Big Data Variety: Tables-Text &Triples & Oceanography


The largest fishing ground on our planet, Georges Bank in the Northwest Atlantic is the direct result of a oceanographic triple: the confluence of “three” distinct oceanographic conditions all coming together to create one of our world’s most productive marine environments. Larger than the landmass of all New England states, the Georges Bank sits just over 100 miles offshore with an average depth of 100 meters. What makes it so productive is the depth, and the meeting of two major oceanographic currents: the Gulf Stream carrying warm highly saline water meets the cold nutrient rich Labrador current. These three factors made it one of the richest fishing grounds in the world for hundreds of years. If the depth was 200 meters there wouldn’t be the same biosphere, and without the nutrients and warm water there wouldn’t be a Georges Bank.

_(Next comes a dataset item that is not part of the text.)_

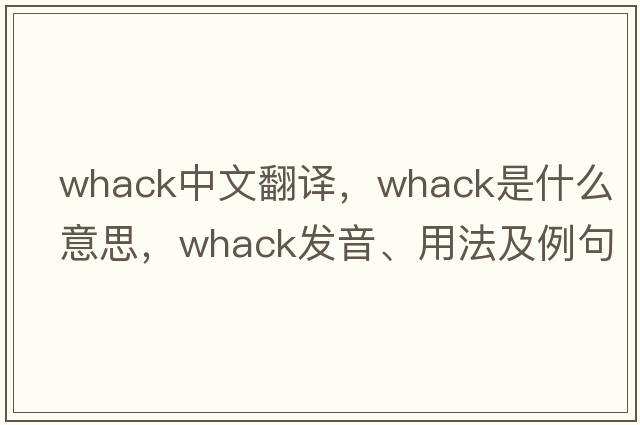 whack中文翻譯，whack是什么意思，whack發(fā)音、用法及例句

Our oceans are really seas of rivers and currents, much like today’s enterprise data were data flows like rivers in a never- ending stream of tables and text and many other different types of objects. In the age of big data, the three “Vs,” Volume, Velocity and Variety are king, which makes the selection of the right database for complex business processes extremely important. Organizations are now literally swimming in data, and struggling to mange not only multiple databases, but new large data volumes, velocities and varieties of data.

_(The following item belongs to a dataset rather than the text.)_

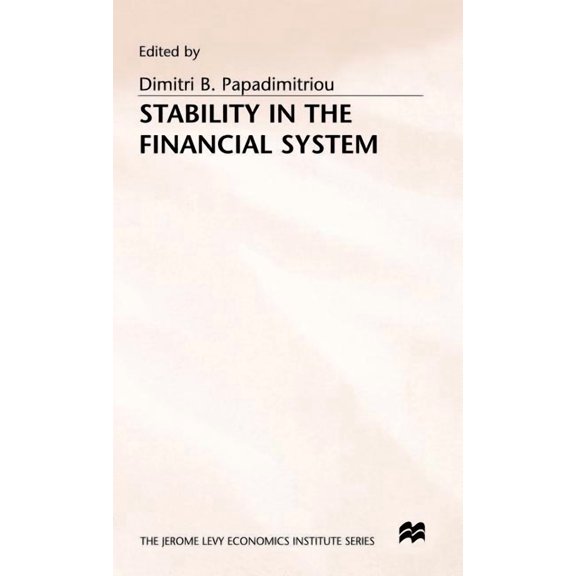 Jerome Levy Economics Institute Stability in the Financial System, (Hardcover)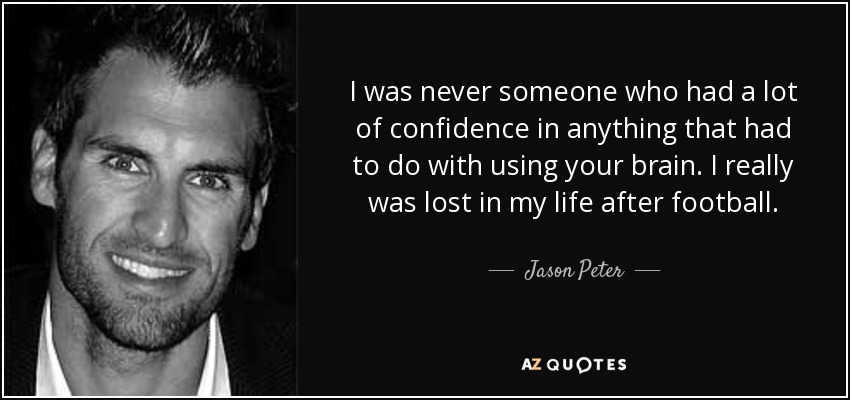I was never someone who had a lot of confidence in anything that had to do with using your brain. I really was lost in my life after football. - Jason Peter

According to recent research (September 2013) by Asterias Research, a day in the life of a database administrator regularly involves actively managing twenty databases, (although many enterprises have hundreds of databases,) and moving 200TB of data. Although this doesn’t seem like a lot of data, the overall volume of data has increased dramatically and some enterprises are now managing and moving more than 5 petabytes of data daily.

Gartner’s latest primary market research on big data found that organizations are struggling not with volume and velocity of big data, but with the variety of big data. One of the more interesting and recent blogs highlighting this research (and triples} is by Irene Polikoff, and can be found on Information Week’s site at (!).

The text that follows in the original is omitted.